Ralph Emery, a radio and TV personality whose steady voice and buttoned-up likeness were synonymous with country music, has died. According to a statement from his family, Emery died Saturday at a Nashville hospital. He was 88.
Along with being a DJ at Nashville radio stations like WSIX and the legendary WSM, the home of the Grand Ole Opry, Emery became the face of The Nashville Network (TNN). From 1983 until 1993, he hosted the cable channel’s primetime talk show Nashville Now, interviewing legends of the genre: Waylon Jennings, Chet Atkins, John Prine, Keith Whitley, Jerry Lee Lewis, Crystal Gayle, and Barbara Mandrell all sat across from Emery’s desk.
While country music was the bedrock of the series, rock singers, adult-contemporary crooners, and politicians also made appearances. Neil Young and Waylon Jennings sat for an interview and performance in 1984, Grand Funk Railroad’s Mark Farner sang “I’m Your Captain” in 1989, and Wayne Newton paid tribute to Elvis Presley in a melodramatic 1992 performance. Most notably, a month before the 1992 presidential election, Emery interviewed candidate Bill Clinton and Hillary Clinton, along with Al Gore and Tipper Gore, peppering them with questions about jobs and, for Gore, the health of the planet. The Democratic ticket would win the White House a few weeks later.
Emery was a Tennessee native, born March 10, 1933, in the town of McEwen, about an hour west of Nashville. He began his radio career in 1951, working for a spell at WTPR in Paris, Tennessee, before relocating to Nashville. He landed at WSM in 1957 and stayed at the home of the Opry until 1972. Along the way, he began to make inroads into television, launching his on-camera career in earnest in 1963 with the local show Opry Almanac. The series Sixteenth Avenue and The Ralph Emery Show followed.

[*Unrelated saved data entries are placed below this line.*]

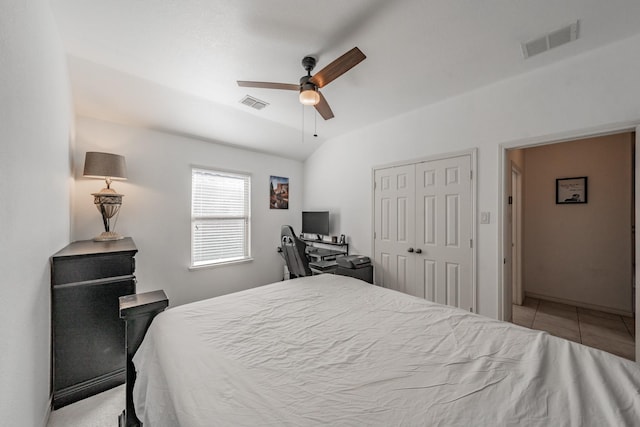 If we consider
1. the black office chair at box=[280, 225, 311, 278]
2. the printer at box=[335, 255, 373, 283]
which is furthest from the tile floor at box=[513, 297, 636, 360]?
the black office chair at box=[280, 225, 311, 278]

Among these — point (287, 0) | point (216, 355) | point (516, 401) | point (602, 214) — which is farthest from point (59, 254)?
point (602, 214)

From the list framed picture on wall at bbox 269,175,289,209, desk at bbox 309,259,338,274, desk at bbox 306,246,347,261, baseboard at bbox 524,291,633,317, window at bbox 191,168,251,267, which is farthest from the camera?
framed picture on wall at bbox 269,175,289,209

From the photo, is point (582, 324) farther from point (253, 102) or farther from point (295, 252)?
point (253, 102)

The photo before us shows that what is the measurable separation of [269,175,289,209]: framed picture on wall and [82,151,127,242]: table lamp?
2199 mm

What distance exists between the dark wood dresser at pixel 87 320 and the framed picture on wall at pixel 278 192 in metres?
2.54

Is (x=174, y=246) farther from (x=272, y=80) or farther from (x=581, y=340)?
(x=581, y=340)

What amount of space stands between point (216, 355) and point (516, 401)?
3.72 feet

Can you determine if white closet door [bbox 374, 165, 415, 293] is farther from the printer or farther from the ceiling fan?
the ceiling fan

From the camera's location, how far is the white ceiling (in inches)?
64.9

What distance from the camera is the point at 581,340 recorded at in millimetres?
2576

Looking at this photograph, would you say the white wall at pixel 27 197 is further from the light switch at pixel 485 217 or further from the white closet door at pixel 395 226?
the light switch at pixel 485 217

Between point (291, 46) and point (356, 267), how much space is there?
8.81 feet

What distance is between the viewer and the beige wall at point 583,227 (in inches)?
126

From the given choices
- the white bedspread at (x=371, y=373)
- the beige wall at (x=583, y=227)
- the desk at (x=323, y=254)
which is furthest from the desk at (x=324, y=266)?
the beige wall at (x=583, y=227) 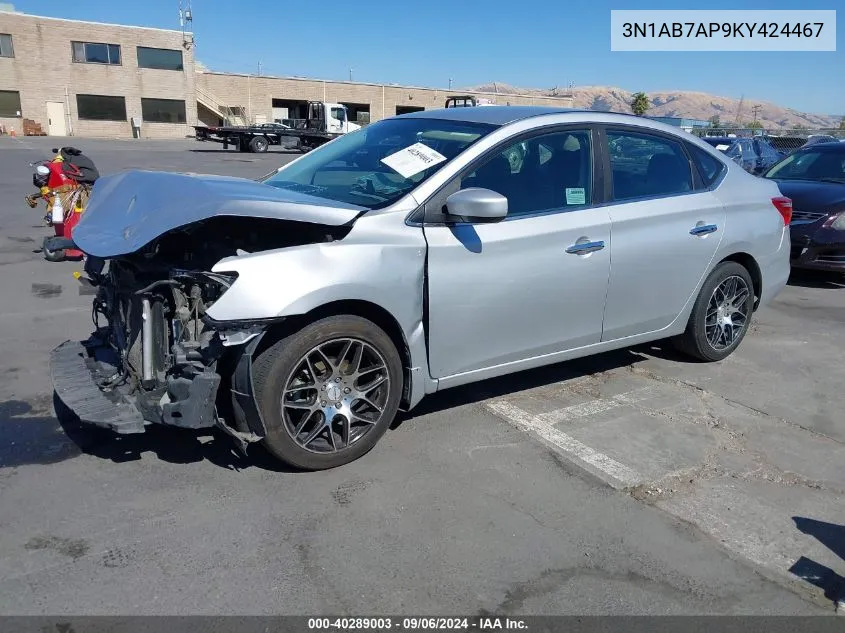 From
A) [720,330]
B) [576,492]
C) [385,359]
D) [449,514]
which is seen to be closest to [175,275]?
[385,359]

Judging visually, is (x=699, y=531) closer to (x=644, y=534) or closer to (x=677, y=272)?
(x=644, y=534)

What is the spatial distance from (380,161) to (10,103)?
170ft

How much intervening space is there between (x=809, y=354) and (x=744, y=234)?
141 centimetres

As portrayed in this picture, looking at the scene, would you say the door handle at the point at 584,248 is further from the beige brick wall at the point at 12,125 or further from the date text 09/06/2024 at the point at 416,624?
the beige brick wall at the point at 12,125

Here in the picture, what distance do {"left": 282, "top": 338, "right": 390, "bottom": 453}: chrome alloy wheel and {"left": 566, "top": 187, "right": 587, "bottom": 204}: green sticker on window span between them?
1675 mm

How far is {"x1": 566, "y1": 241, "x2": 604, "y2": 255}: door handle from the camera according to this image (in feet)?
13.8

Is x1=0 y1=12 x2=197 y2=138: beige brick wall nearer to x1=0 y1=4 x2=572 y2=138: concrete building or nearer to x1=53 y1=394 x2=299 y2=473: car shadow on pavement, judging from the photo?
x1=0 y1=4 x2=572 y2=138: concrete building

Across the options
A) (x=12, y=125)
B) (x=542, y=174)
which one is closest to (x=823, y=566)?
(x=542, y=174)

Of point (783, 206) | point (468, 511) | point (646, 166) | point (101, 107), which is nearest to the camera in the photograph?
point (468, 511)

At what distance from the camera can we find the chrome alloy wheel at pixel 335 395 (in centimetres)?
343

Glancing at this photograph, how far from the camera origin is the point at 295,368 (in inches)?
131

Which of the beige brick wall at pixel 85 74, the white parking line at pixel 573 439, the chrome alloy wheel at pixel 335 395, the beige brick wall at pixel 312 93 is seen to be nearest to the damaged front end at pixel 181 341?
the chrome alloy wheel at pixel 335 395

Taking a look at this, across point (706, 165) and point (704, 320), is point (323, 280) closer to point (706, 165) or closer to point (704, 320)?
point (704, 320)

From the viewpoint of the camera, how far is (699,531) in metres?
3.19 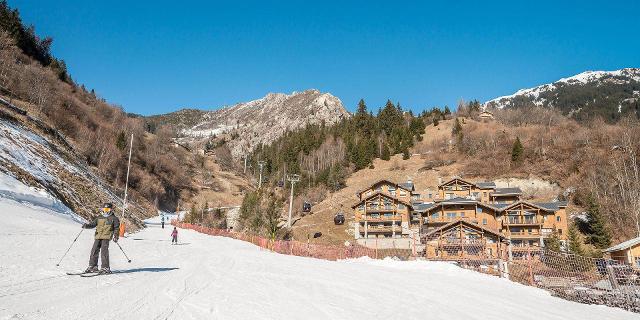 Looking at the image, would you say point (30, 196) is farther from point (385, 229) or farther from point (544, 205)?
point (544, 205)

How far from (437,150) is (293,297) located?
98308mm

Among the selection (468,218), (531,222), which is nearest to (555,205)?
(531,222)

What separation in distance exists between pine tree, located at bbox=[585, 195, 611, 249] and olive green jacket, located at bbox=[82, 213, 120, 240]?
176 feet

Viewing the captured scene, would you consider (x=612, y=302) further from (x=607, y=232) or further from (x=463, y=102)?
(x=463, y=102)

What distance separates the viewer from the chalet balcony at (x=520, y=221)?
54537mm

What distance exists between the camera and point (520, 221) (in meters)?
54.9

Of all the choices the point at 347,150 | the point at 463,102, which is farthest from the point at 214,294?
the point at 463,102

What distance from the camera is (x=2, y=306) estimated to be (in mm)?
6344

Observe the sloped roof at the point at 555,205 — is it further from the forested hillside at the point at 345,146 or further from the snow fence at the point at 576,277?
the forested hillside at the point at 345,146

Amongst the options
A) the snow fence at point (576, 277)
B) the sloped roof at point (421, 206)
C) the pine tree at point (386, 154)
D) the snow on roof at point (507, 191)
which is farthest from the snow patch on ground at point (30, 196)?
the pine tree at point (386, 154)

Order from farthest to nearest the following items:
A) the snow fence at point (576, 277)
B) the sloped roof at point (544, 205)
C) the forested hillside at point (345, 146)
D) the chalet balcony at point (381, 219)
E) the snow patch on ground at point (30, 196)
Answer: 1. the forested hillside at point (345, 146)
2. the chalet balcony at point (381, 219)
3. the sloped roof at point (544, 205)
4. the snow patch on ground at point (30, 196)
5. the snow fence at point (576, 277)

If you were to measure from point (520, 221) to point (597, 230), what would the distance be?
898cm

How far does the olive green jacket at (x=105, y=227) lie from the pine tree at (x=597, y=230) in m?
53.5

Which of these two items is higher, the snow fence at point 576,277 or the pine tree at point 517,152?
the pine tree at point 517,152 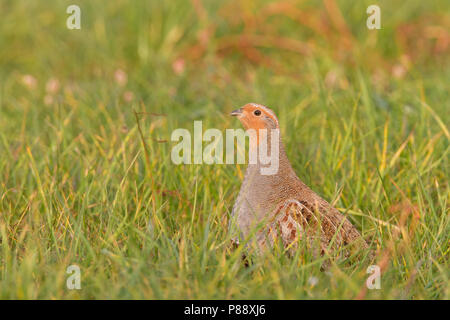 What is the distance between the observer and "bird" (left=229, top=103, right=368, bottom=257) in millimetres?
3707

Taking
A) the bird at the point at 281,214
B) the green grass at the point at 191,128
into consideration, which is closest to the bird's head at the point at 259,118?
the bird at the point at 281,214

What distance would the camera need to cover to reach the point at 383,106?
5.71 meters

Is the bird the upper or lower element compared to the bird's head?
lower

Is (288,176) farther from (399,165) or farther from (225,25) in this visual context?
(225,25)

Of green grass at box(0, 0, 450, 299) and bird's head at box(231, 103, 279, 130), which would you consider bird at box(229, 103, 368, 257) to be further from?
green grass at box(0, 0, 450, 299)

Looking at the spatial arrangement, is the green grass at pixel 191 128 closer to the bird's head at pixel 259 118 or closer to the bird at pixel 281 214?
the bird at pixel 281 214

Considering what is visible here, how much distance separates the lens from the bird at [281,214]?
3707 millimetres

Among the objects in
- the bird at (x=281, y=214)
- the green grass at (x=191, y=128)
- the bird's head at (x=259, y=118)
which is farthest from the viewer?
the bird's head at (x=259, y=118)

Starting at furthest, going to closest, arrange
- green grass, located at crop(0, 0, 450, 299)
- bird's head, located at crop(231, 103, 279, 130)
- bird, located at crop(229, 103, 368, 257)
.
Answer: bird's head, located at crop(231, 103, 279, 130), bird, located at crop(229, 103, 368, 257), green grass, located at crop(0, 0, 450, 299)

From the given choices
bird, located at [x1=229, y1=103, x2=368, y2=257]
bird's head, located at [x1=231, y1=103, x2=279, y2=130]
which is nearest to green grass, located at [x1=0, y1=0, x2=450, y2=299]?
bird, located at [x1=229, y1=103, x2=368, y2=257]

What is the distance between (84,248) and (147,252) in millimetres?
411

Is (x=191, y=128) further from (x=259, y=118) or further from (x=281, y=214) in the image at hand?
(x=281, y=214)

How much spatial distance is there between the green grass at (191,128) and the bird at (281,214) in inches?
5.2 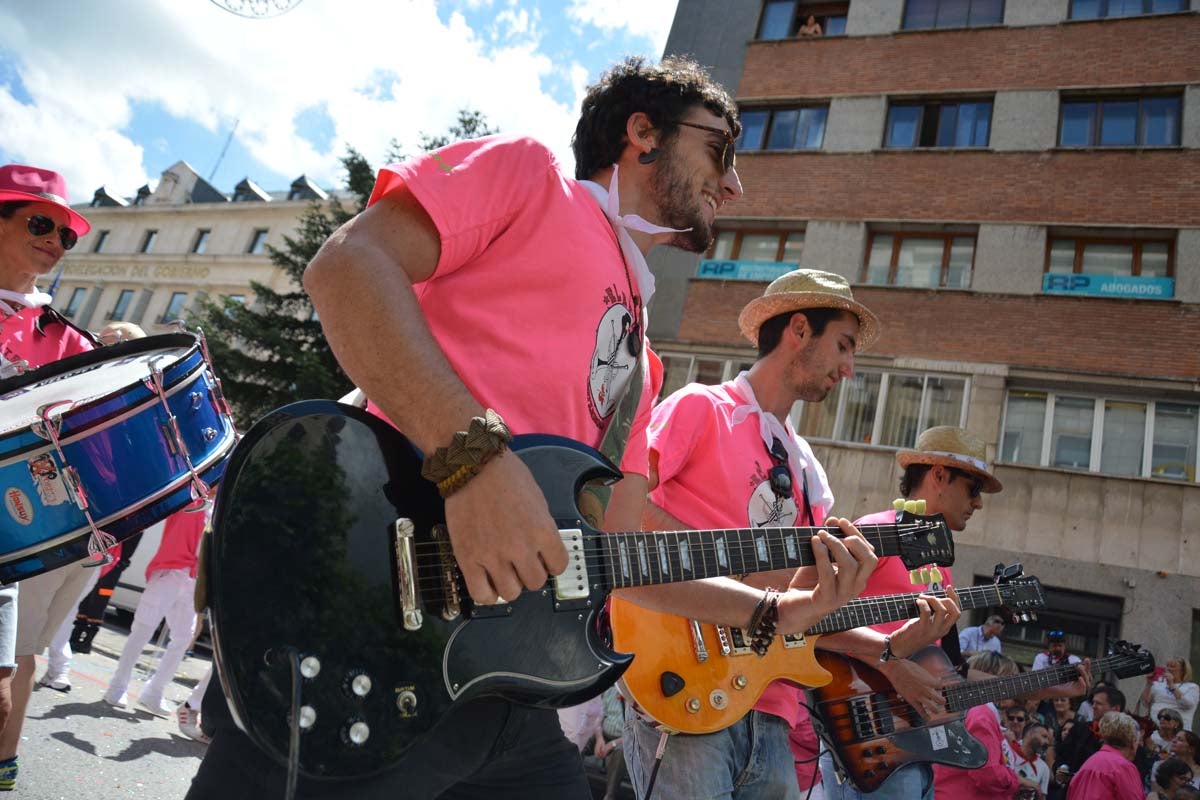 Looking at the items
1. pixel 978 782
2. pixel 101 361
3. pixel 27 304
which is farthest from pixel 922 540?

During an appearance by Johnny Cash on his eponymous Ralph Emery Show, he measuredly asked the country singer about the burning of the U.S. flag. “John, how do you feel about burning the flag?” he asked. “Do you feel we should have a law against burning the flag — an amendment if you will?” “Yeah, I do,” Cash replied somberly, going on to share a personal story of a visit to Vietnam in 1969.
But while Emery went on to host other series like Pop Goes the Country and Nashville Alive, it was his decade at Nashville Now that introduced him to fans nationwide.
The broadcaster published his memoir, Memories: The Autobiography of Ralph Emery, in 1991. The next year, during the Clinton/Gore appearance, he ribbed then-Tennessee senator Gore, who was promoting his book Earth in the Balance, about Memories’ 25 weeks on The New York Times bestseller list. “How long were you on there?” Emery quipped. “I just thought I would put the knife in a little bit.”
Emery — known as “The Dean of Country Music Broadcasters” was inducted into the Country Music Hall of Fame in 2007. He joined the National Radio Hall of Fame in 2010.